The Future of Black Media
August 9, 2005

The question of where the media is headed has always been weighty. When looking towards the future, for me it comes down to one question: how will truth be disseminated? That pretty much encompases everything--truth in reporting, truth in the images presented, truth about the reality of what this world truly needs.

Yesterday, John Johnson, a giant in the black media world passed away at the age of 87. So again the reality of time marches on. The people that once were pillars are no more and we are forced to deal with fact that someone must become responsible for moving us from where we are to where we need to be. Where "we" need to be seems to be up for debate right now, but more on that later.

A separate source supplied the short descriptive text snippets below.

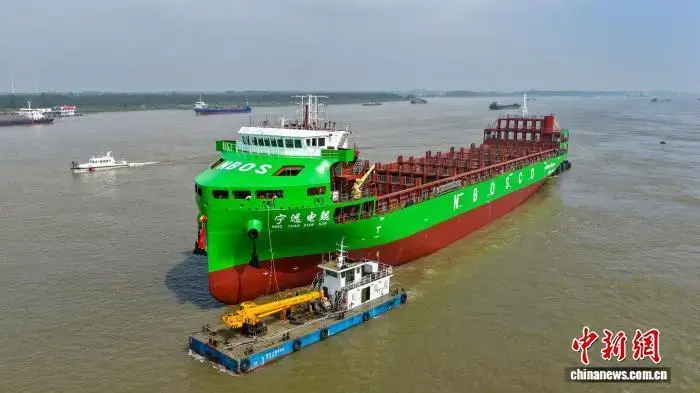 9月29日，“740TEU纯电动敞口集装箱船”在江西省九江市湖口县成功下水。(湖口县融媒体中心供图)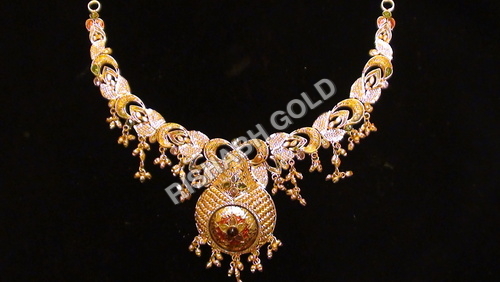 Gold NECKLACE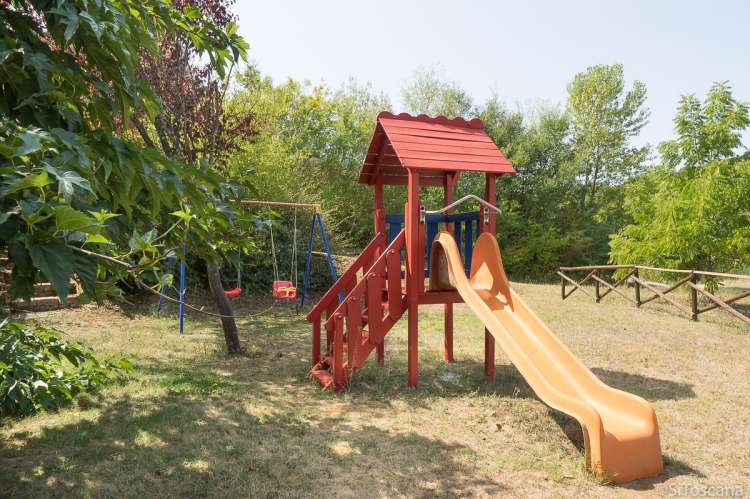 Bildet viser lekeplass på familievennlig vingård i Toscana.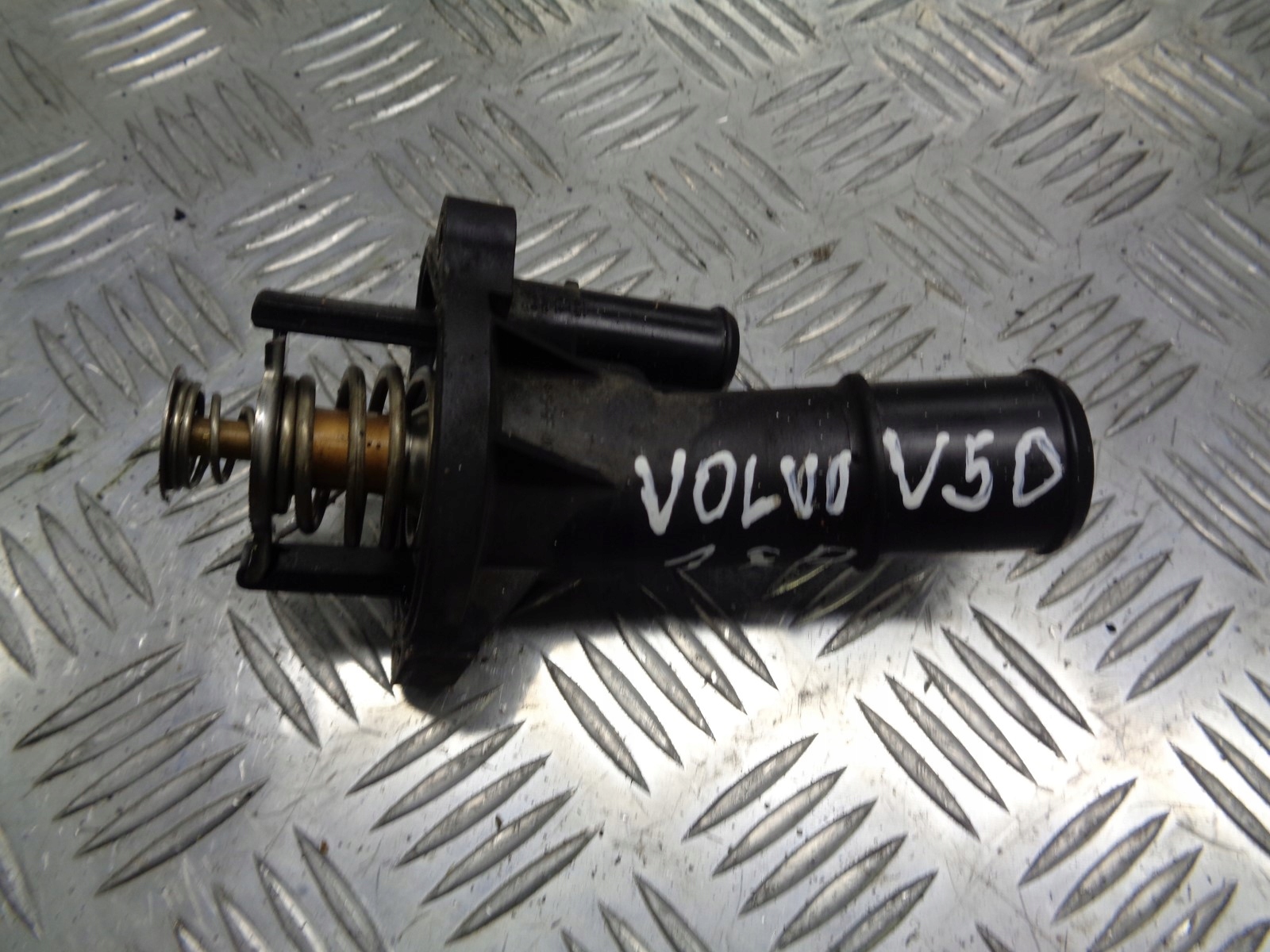 OBUDOWA TERMOSTATU VOLVO V50 1.8 4M5G-EF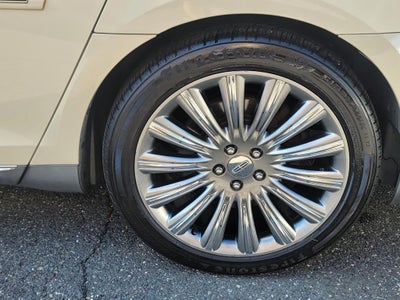 2016 Lincoln MKS Base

If you don't know who John Johnson is, let me school you because in the aftershocks of Peter Jennings' passing, I am certain Johnson's legacy will be buried on the news desks. The Johnson Publishing empire is mighty. In 1942, Johnson began Ebony Magazine as his take on the traditional "Life Magazine" with the goal of focusing on black society. The goal of the magazine bounced around from reporting the bad to celebrating the good. In a time when blacks were nearly nonexistent in printed media, Johnson filled a void. Even to this day, you'd be hard-pressed to find a black American household that doesn't have Ebony or Jet Magazine on the coffee table. For most black families, Ebony magazine has become a household staple. Johnson later followed up by launching the smaller Jet magazine as well as the Fashion Fair make-up empire, book-publishing, television production, and more.

As a multimillionaire, in 1982 Johnson was the first black American ever to make the Forbes' list of richest Americans. That's right, even before Oprah. Let us all stop and clap for that please. My thoughts on the current state of Ebony Magazine aside, what I can most respect most about John Johnson was that he ran a family business, and unlike another famous "Johnson," he never sold out (financially, that is). Even today, the company is headed by members of the Johnson family. For his legacy and his contribution to the black community, Johnson should be honored and respected.

Over the last couple of years, however, I've had a difficult time figuring out just what type of message Ebony Magazine has been trying to convey. From cover stories on the "Down Low Culture," and Louis Farrakhan to top bachelor and bachelorette listings, I can't help but be unsatisfied by mediums that mostly seem to do more to entertain, comfort and pseudo-educate than they do to provoke and change. While this isn't necessarily a problem specific to race (I could list off perpetrators of all colors), I do find this reality at work among the few predominately black media institutions presently in operation.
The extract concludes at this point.